The Landmark poll places black turnout at 29 percent, more in line with the historical trend. It also presumes a majority of female voters.
Below is the memo that Landmark’s Mark Rountree sent us:
#1. GOVERNOR — Democrat Senator Jason Carter continues to lead Republican Governor Nathan Deal, though the margin is shrinking. Today Carter leads Deal by a margin of 44-40%, with Libertarian Andrew Hunt carrying 4% of the vote.
However, Carter’s lead has shrunk from an eight (+8) percentage-point lead on July 15 (49% to 41%) down to a lead of just four percent (+4) today.
GENDER DIFFERENCES: Sen. Carter carries 50% of female voters but only 38% of male voters, while Governor Deal wins 47% of men but only 34% of women voters.
REGIONAL DIFFERENCES: Governor Deal leads 42-40% outside of Metro Atlanta, while Sen. Carter leads in Metro Atlanta by 51-37%.
AGE DIFFERENCES: Governor Deal leads among younger voters and older voters, while Sen. Carter leads among voters who are in the 40-64 age range. Deal carries the 18-39 age range by a 45-35% margin and the 65%+ age group by 46-40%. However, Carter leads among voters in the 40-64 age range by a 50-36% margin.

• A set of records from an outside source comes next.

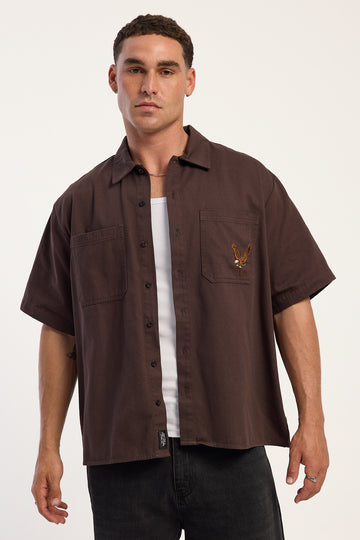 Thrills Seen & Heard Cropped Short Sleeve Work Shirt Postal Brown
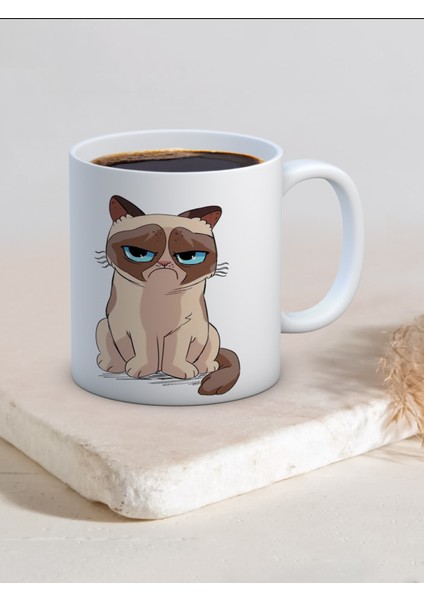 Baskılı Kupa Bardak Seramik Mug - Somurtgan Kedi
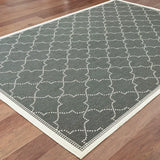 7' X 10' Gray and Ivory Geometric Stain Resistant Indoor Outdoor Area Rug - Homeroots - Flyclothing LLC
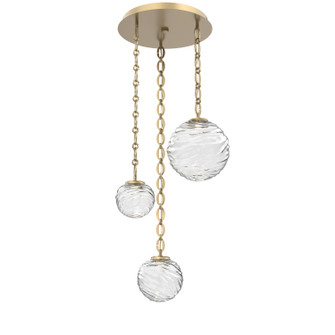 Gaia LED Pendant in Gilded Brass (404|CNB0092-03-GB-C-CH2-L1)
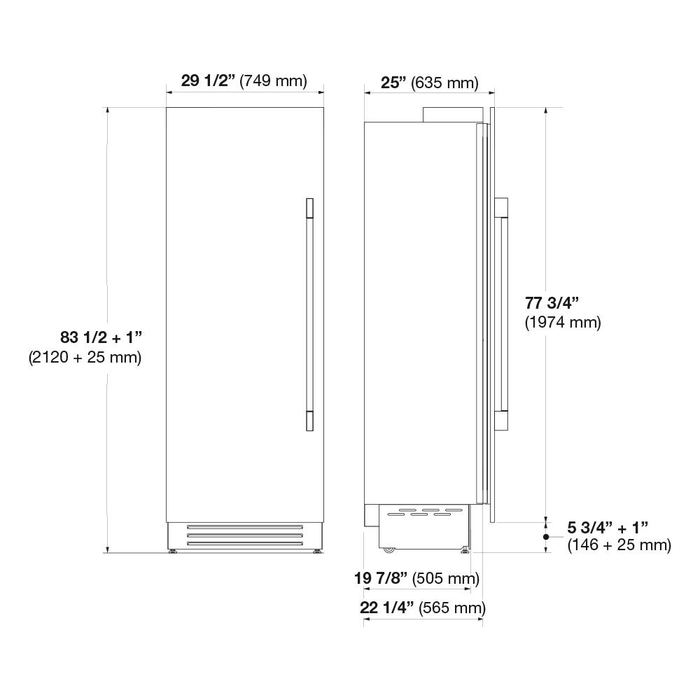 Fulgor Milano F7IFC30S1L Overlay 16.84 Cu.Ft LH Freezer Column - Parts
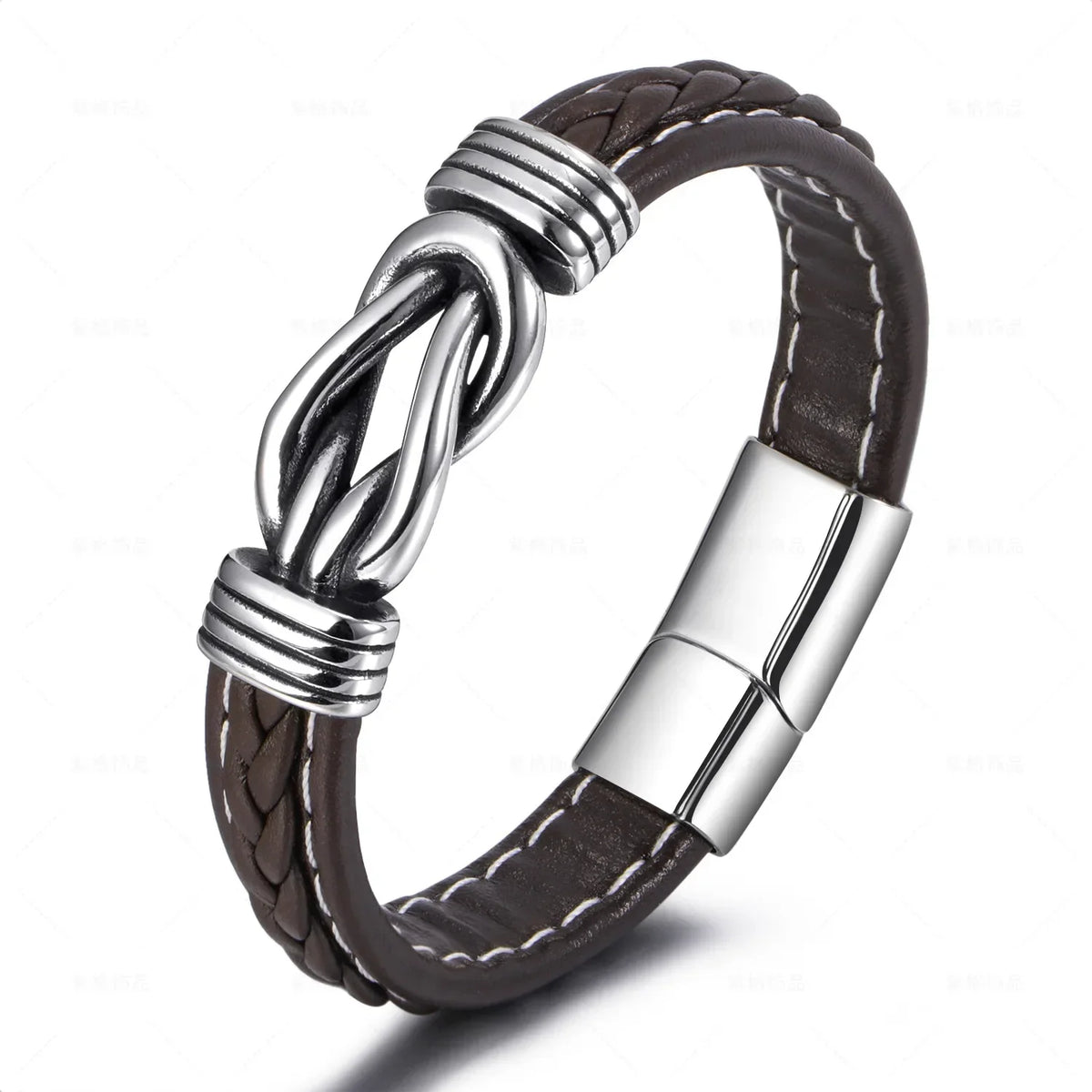Men’s brown leather bracelet with knot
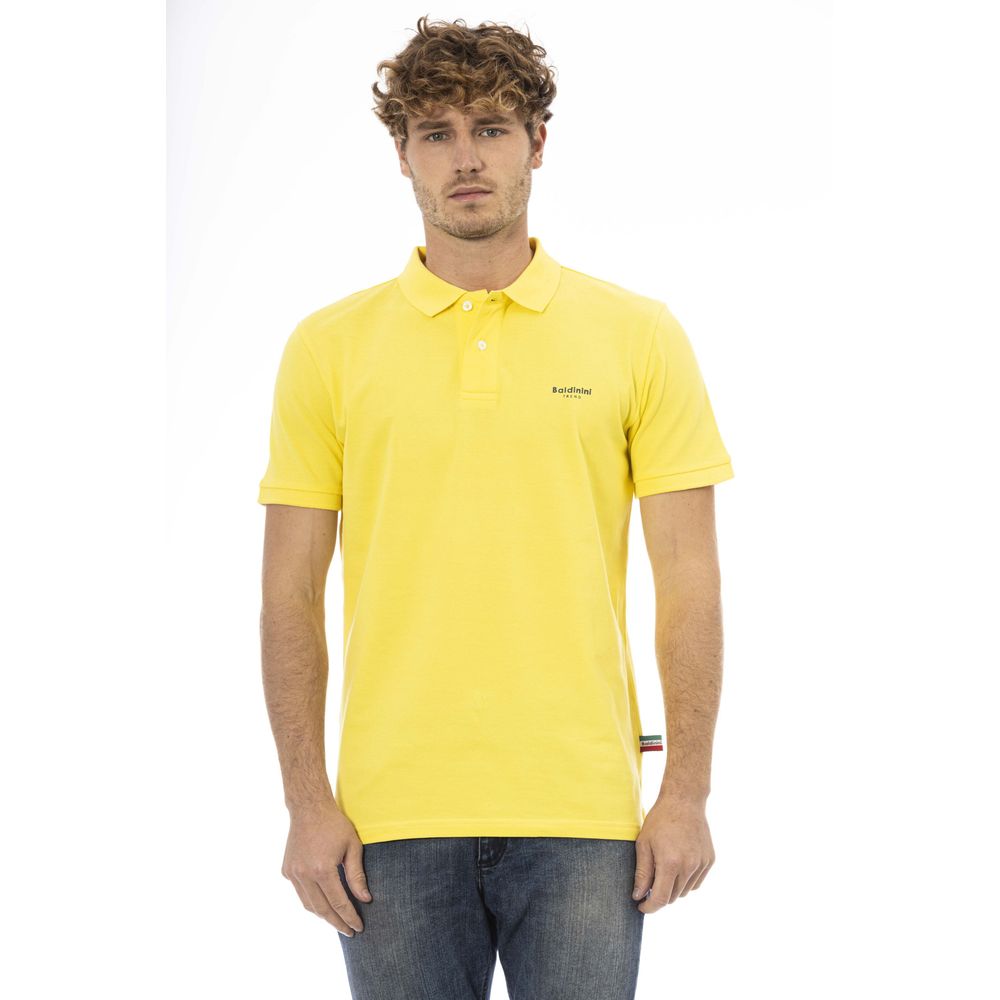 Baldinini Trend Yellow Cotton Men Polo Shirt | Regal Royce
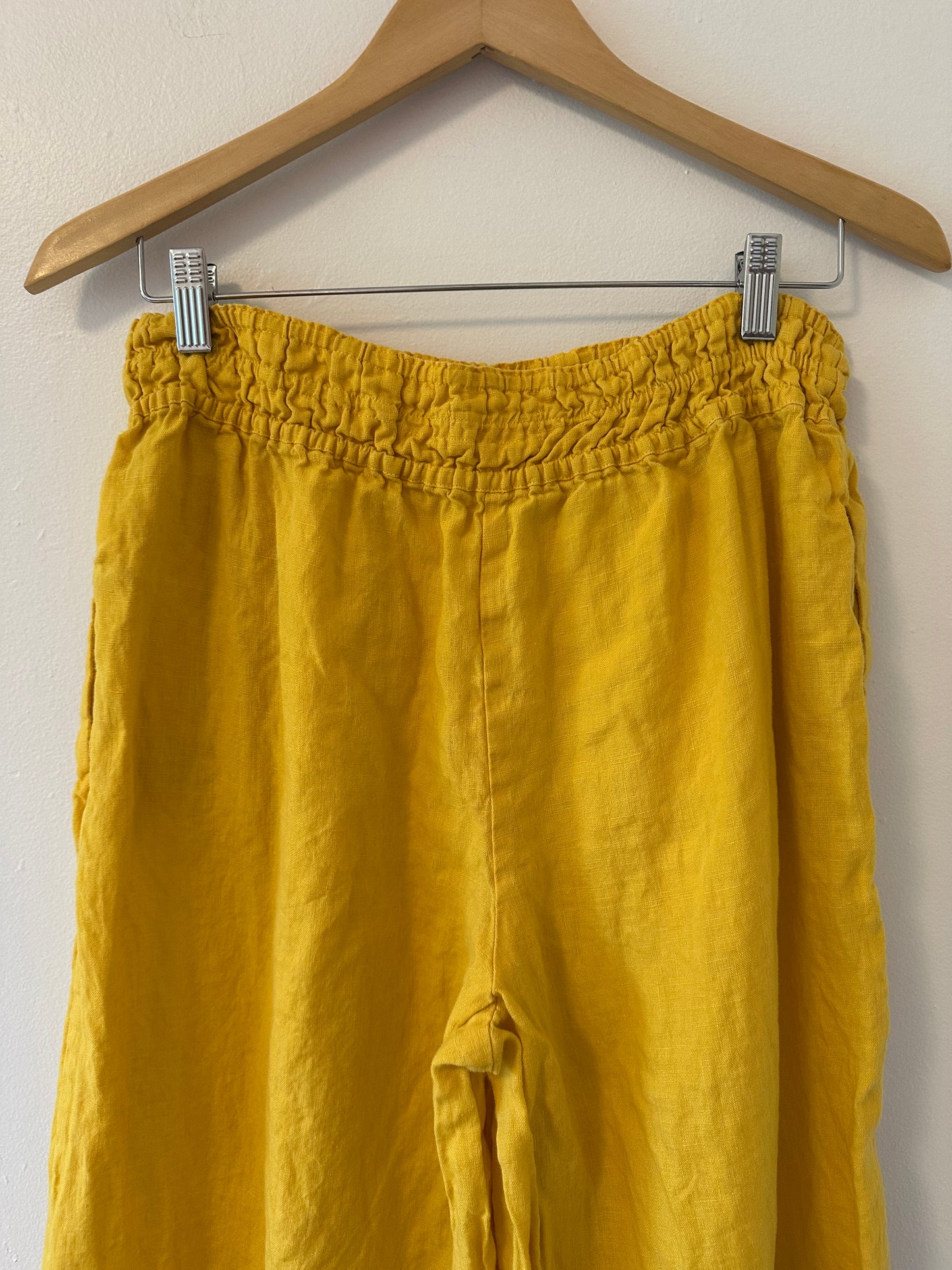 Anthropologie The Somerset Yellow Wide-Leg Linen Pants - Size Medium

#2. U.S. SENATOR— Democrat Michelle Nunn continues to lead Republican David Perdue in the Georgia U.S. Senate race. Nunn leads Perdue 47% to 40%, with 3% of voters voting for Libertarian candidate Amanda Swafford.
Men support Perdue by a 47-41% margin (+6), while women give Nunn an 18 percent lead (+18), 52-34%.
#3. POSSIBILITY CONTINUES TO INCREASE FOR RUNOFF ELECTIONS: This is the third poll conducted by Landmark Communications within a month concluding that no candidate for either Georgia Governor or U.S. Senator has reached 50% or more of the vote.
U.S. Senator Saxby Chambliss was thrown into a runoff election in 2008, though the incumbent ultimately prevailed and returned to the Senate. Republican State Senator Paul Coverdell pulled Democratic Senator Wyche Fowler in to a runoff election in 1992, with Coverdell ultimately winning the office in that runoff.
While it is too early to conclude that there will be a runoff election for Governor or for U.S. Senate, there is clear and recent precedence for these elections. Each passing week in which no candidate has crossed the 50%+1 mark brings the increased possibility of a runoff election for each office.
#4. PRESIDENT OBAMA’S HANDLING OF IRAQ SITUATION — When voters were asked whether they approve or disapprove of the way President Barack Obama is handling the situation in Iraq, Georgians expressed disapproval by a 45-39% margin (-6%).
There is a significant difference between races on the issue of Iraq: fully 62% of white voters said they disapprove of the President’s handling of the situation in Iraq, while 67% of black voters said they approve.
Following is the methodology, as provided by Landmark:
Landmark Communications, Inc. conducted this survey of 600 likely Georgia voters on August 20th and 21st, 2014. Telephone interviews were conducted by landline (80%) and mobile phone (20%). The phone list was created and randomized from Landmark Communications’ own statewide Georgia voter database. Only completed interviews were included in the final report. Responses were weighted by age, gender and race to reflect the actual demographic make-up of a general election in Georgia in a gubernatorial election year. The margin of error is +/-4 percent. The survey was commissioned by WSB-TV Channel 2 Atlanta.